Japan Earthquake Kills Three, Injures Hundreds
A strong earthquake killed at least three people in Japan on Monday, injured more than 500, flattened houses and started a small fire at the world's largest nuclear power plant.
|PIC1|A strong earthquake killed at least three people in Japan on Monday, injured more than 500, flattened houses and started a small fire at the world's largest nuclear power plant.
Two women in their 80s died when their homes collapsed due to the magnitude 6.8 tremor, centred in Niigata prefecture some 250 km (155 miles) northwest of Tokyo, Japanese media said.
Kyodo news agency said a 79-year-old woman was also killed. Earlier reports of a fourth death were later withdrawn.
"It was too strong to stand. Some people got under tables, others immediately went outside," said police officer Masao Honma in Kashiwazaki City, near the focus of the quake.
"It's really rough," Honma told Reuters by phone.
Houses, many wooden with traditional heavy tile roofs, were flattened, a temple roof caved in and roads cracked in the quake, which was centred in the same northwestern area as a tremor three years ago that killed some 65 people.
Firemen and troops worked to rescue a woman after her voice was heard from under collapsed house, public broadcaster NHK said.
Hours after the initial quake, an aftershock with a preliminary magnitude of 5.6 jolted the area, sending more roof tiles tumbling and making it hard for some people to stand.
NHK said that more than 1,000 people had fled their homes for the nearly 100 evacuation centres that a Niigata Prefecture official said were being set up, and troops and extra emergency teams were being sent to help with rescue and relief efforts.

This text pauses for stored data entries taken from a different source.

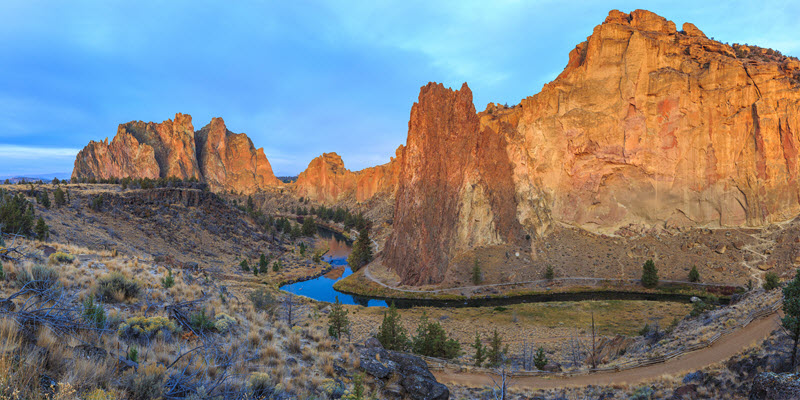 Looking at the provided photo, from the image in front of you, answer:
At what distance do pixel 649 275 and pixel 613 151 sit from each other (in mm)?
24977

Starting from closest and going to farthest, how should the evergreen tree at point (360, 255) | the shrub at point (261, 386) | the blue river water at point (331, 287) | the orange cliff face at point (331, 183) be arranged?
1. the shrub at point (261, 386)
2. the blue river water at point (331, 287)
3. the evergreen tree at point (360, 255)
4. the orange cliff face at point (331, 183)

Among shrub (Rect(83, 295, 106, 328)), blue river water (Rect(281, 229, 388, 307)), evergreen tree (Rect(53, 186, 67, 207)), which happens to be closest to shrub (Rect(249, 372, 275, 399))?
shrub (Rect(83, 295, 106, 328))

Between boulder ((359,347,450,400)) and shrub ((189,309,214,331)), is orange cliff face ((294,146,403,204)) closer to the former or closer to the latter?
boulder ((359,347,450,400))

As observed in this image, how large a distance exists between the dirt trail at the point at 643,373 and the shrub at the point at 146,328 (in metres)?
13.0

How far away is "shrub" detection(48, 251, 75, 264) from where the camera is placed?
35.6 feet

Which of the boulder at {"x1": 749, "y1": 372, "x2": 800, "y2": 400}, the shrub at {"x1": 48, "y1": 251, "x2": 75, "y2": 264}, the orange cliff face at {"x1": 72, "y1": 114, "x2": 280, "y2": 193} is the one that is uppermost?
the orange cliff face at {"x1": 72, "y1": 114, "x2": 280, "y2": 193}

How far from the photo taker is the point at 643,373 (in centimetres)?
1864

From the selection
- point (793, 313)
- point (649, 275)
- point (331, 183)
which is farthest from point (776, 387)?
point (331, 183)

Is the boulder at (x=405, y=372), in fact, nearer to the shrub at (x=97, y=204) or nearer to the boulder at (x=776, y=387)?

Buildings swayed as far away as Tokyo, and nuclear power reactors in Niigata prefecture automatically shut down for checks but there were no radiation leaks reported.
A fire in an electrical transformer at the Kashiwazaki Kariwa nuclear power plant -- the world's largest -- was quickly extinguished but it was unclear when Tokyo Electric Power Co (TEPCO) could restart three power units there, said Yoshinobu Kamijima, a company spokesman.
Prime Minister Shinzo Abe cut short campaigning for an upcoming Upper House election and returned to Tokyo, where the government established an emergency office to deal with the quake that officials said had damaged some 350 buildings.
"We need to take every step to save lives. It's supposed to rain tomorrow in the area so we have to take every step to save lives, secure lifelines and reassure people," Abe told reporters, before heading by helicopter for the affected area.
Japan is one of the world's most earthquake-prone countries, with a tremor occurring at least every five minutes.
Bullet trains in northern Japan that had only just resumed after the initial quake were halted again by the largest aftershock. A local train toppled off the rails in the quake, but media said no one was injured.
Power and gas were cut to many homes and NHK said some 37,000 households had lost water supplies.
"We have a water tank for two days, but the city called to say they don't know when water will be running again," said Reiko Nakao, who works at a hotel in Kariwa village.
"Dishes and a TV fell off our shelves with the shaking. We haven't checked the outside wall yet, but there are cracks in the pavement around the hotel."
The 10:13 a.m. (0113 GMT) quake was centred around 60 km (37 miles) southwest of Niigata. Monday is a holiday in Japan so financial markets were closed.
Tsunami warning sirens sounded along affected stretches of the Sea of Japan but the warning was later withdrawn.
Niigata was hit in October 2004 by a quake with a matching magnitude of 6.8 that killed 65 people and injured more than 3,000. That was the deadliest quake in Japan since a magnitude 7.3 tremor hit the city of Kobe in 1995, killing more than 6,400.
Sanyo Electric Co. spokesman Akihiko Oiwa said operations had been halted at a semiconductor factory in Niigata, one of the firm's largest, but there had been no reports of damage.